Robert Cole and Bonnie Cole v. Motor Vehicle Board of the Texas Department of Transportation and Georgie Boy Manufacturing, Inc. n/k/a Georgie Boy Manufacturing, LLC, No. 03-05-00825-CV (Tex.App.- Austin, June 18, 2008)(Opinion by Justice Pemberton [ PDF ] )(administrative law, appeal) (Before Chief Justice Law, Justices Patterson and Pemberton)
Appeal from 345th District Court of Travis County
M E M O R A N D U M O P I N I O N
This is an administrative appeal from an order of the Motor Vehicle Board of the Texas Department of Transportation (Board) denying relief on a vehicle warranty complaint brought by Robert and Bonnie Cole following a contested-case hearing. See Tex. Occ. Code Ann. § 2301.204 (West 2004). (1) The district court affirmed the order. In two issues, the Coles argue that the Board lacked statutory authority to make fact findings adverse to the Coles and that both the Board and district court lacked subject-matter jurisdiction because the Coles were not proper parties and lacked standing. We will affirm the district court's judgment.

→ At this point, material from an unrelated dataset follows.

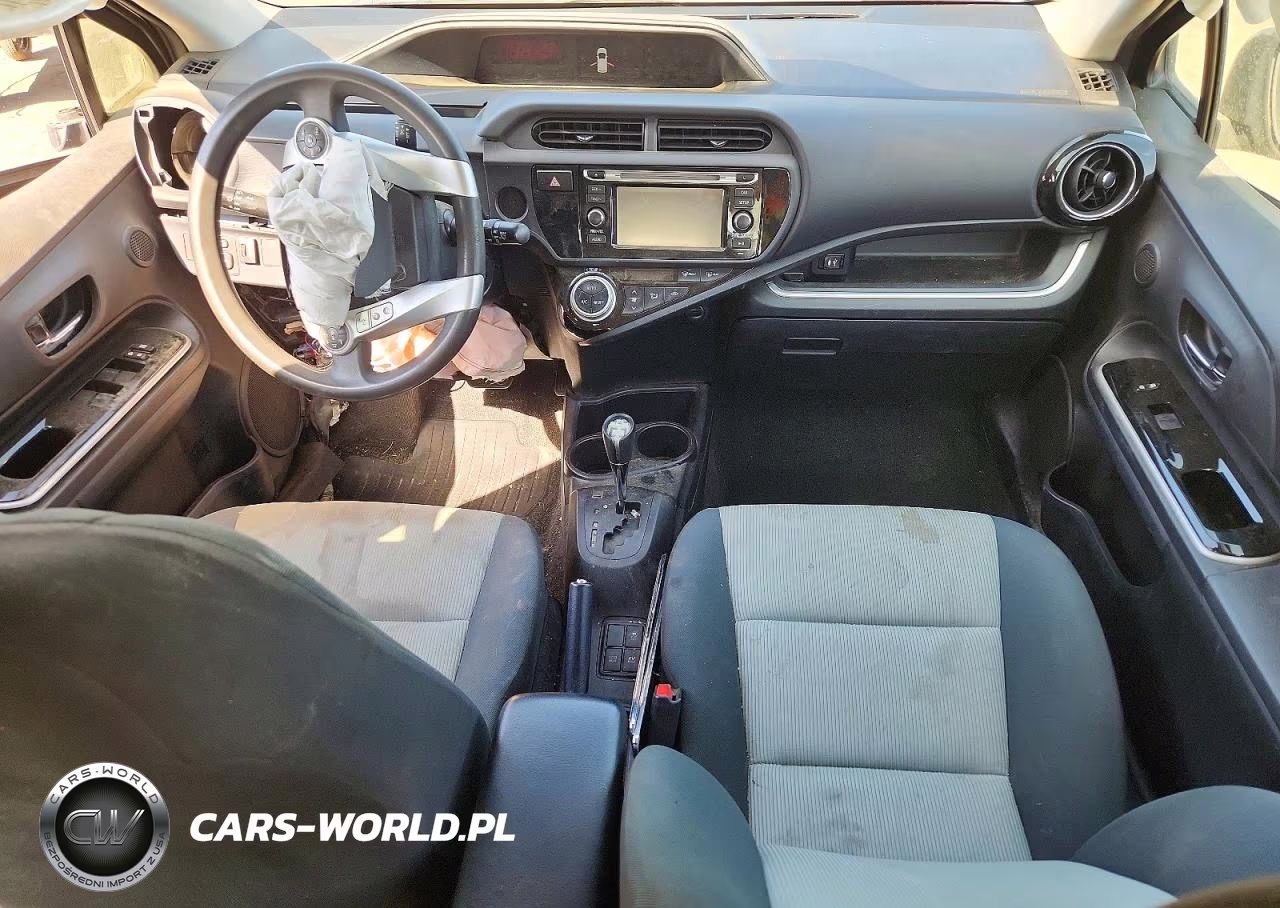 2016 Toyota Prius C Two VIN:JTDKDTB3XG1115361 - 8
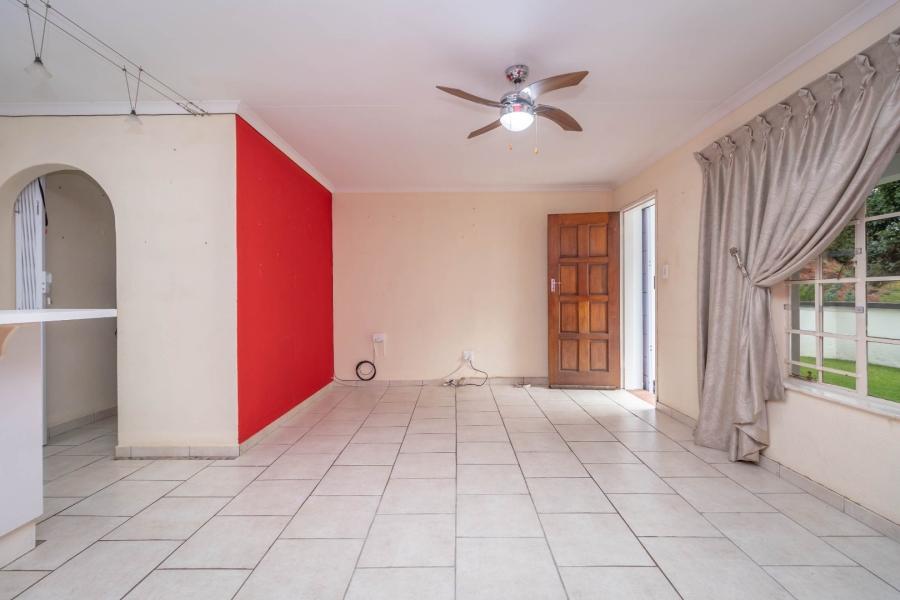 To Let 2 Bedroom Property for Rent in Helderkruin Gauteng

This proceeding arises in the context of the "hybrid claims resolution process" discussed by the Texas Supreme Court in Subaru of America, Inc. v. David McDavid Nissan, Inc., 84 S.W.3d 212, 222-26 (Tex. 2002). The underlying controversy concerns a 1994 Georgie Boy motor home purchased by the Coles in June 1994. The Coles claim to have encountered numerous problems with the motor home relating chiefly to overheating and handling difficulties. In 1995, the Coles filed suit in Hays County against the dealer who sold them the motor home, Interstate R.V. Center. They later amended their complaint to allege claims against the manufacturer of the vehicle, appellee Georgie Boy, Inc.; the manufacturer of the vehicle's chassis, Spartan Motors, Inc.; and the engine manufacturer, Cummins Engine Company. The Coles asserted claims under the DTPA, alleging, among other theories, breach of warranty. The lawsuit was later abated and, in 2004, the Coles sent the Board a letter "to file a complaint for unresolved warranty issues" under section 2301.204 of the occupations code. (2)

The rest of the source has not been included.